Les peurs, les manques, l’égoïsme sont des réactions négatives qui pervertissent le projet positif et humaniste quand elles s’illustrent en minorant l’autre pour mieux compenser soi par un orgueil et une suffisance
Le débat est entrain d’être remplacé par le combat, l’écoute par l’invective, le désaccord par la haine.
La communication est le lien qui relie les hommes quand elle est partagée en échange d’idées, dans l’esprit des Lumières et de Voltaire : « Non seulement je ne suis pas d’accord avec ce que vous dites, mais je me battrai jusqu’au bout pour que vous puissiez le dire ».
La communication est le lien qui désunit les hommes quand elle impose son point de vue, quand elle mène au combat et non au débat d’idées :
- A titre d’exemple, avez-vous entendu l’échange entre 2 journalistes, M.Ivan Rioufol, interrompu, dire : « Je dis ce que je veux », et Pascal Praud lui répondre : »Eh bien non »….
- Le même Praud déclarer qu’il ne fallait pas parler des idées de telle personne car elle ne représentait rien en terme de poids médiatique
Ces 2 exemples illustrent la dégringolade du respect des relations humaines, de l’arbitraire, du dévoiement de l’affirmation de soi par le biais d’une communication absente, criarde, violente, arbitraire, intolérante, …et parce qu’elle crie fort pense avoir raison.
Parce que l’homme pense, à tort, s’affirmer en aboyant ses convictions, il réduit la relation avec l’autre à son égocentrisme, à sa prétendue liberté individuelle enchainée par ses propos péremptoires, confondant ainsi sa propre liberté avec sa propre aliénation.
La parole confisquée, celle du « j’ai raison – tu as tort » qui produit du rejet, de la haine de l’autre, est entrain de confisquer le débat, donc un vivre ensemble qui était le projet de l’épanouissement de soi : c’est à dire tout le contraire du repli sur soi, mais bien celui de la différence basée sur l’écoute et la contradiction d’idées, de ma liberté indissociable de la liberté de l’autre, et de la liberté de penser de l’autre.
La parole confisquée l’est par la confusion des repères, des connaissances, des vérités contraires, des convictions imposées au détriment de toute objectivité.

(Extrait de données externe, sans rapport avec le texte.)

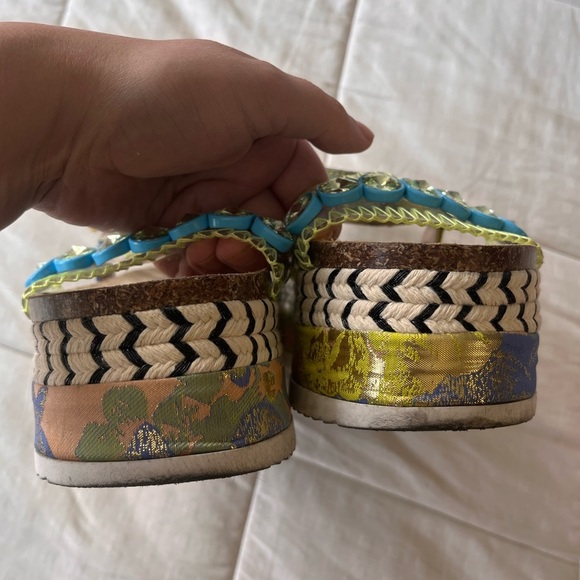 Betsey Johnson Tovaa Wedge Sandal 6 - Picture 9 of 15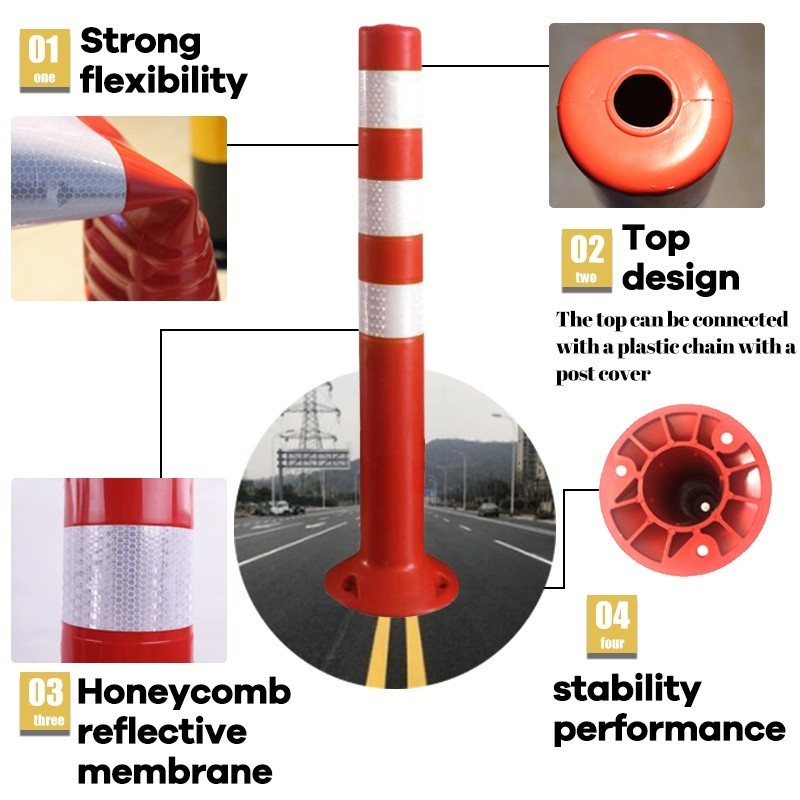 Warning Reduce Danger Plastic Road Facilities Crossing Sign Safety ...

La tolérance a disparu dans beaucoup de recoins de l’être.
La réalisation de soi qui passe par l’affirmation de soi est le contraire de l’égoïsme, mais veut dire une ouverture à l’autre comme à soi, libéré de son ego, loin de la vanité et vacuité des propos.

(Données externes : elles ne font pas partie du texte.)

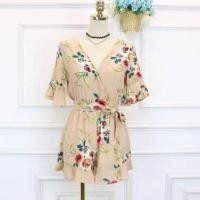 ราคา Sale‼️ sale‼️ จั๊มสูทขาสั้น jumpsuit sale (339138864)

Le mot bienveillance est très à la mode comme autant décrié : parce qu’il dérange et montre l’incapacité de certains à rester bienveillant avec soi et avec les autres.

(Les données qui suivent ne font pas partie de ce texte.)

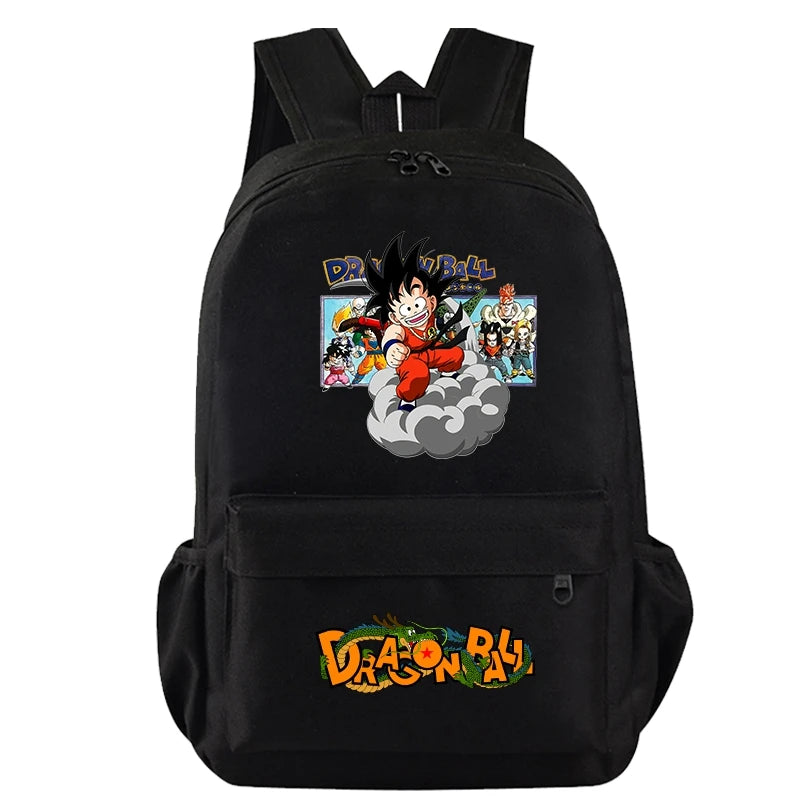 Mochila Escolar com 3 peças Dragon Ball Z - Impermeável & Função USB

La bienveillance commence par l’écoute de l’autre, la capacité à entendre ce qui me déplait, ce qui s’appelle l’empathie. Pour les plus avancés, l’empathie va à la compassion, non pas seulement dans les circonstances terribles de la vie, mais dans le quotidien basique des relations humaines.
L’ère du soin, du prendre soin de l’autre comme de soi, est arrivée, ce qu’on appelle le Caring : se soucier de l’autre et de soi.
Pour détrousser l’indifférence, l’égoïsme, la fuite en avant, la parole confisquée.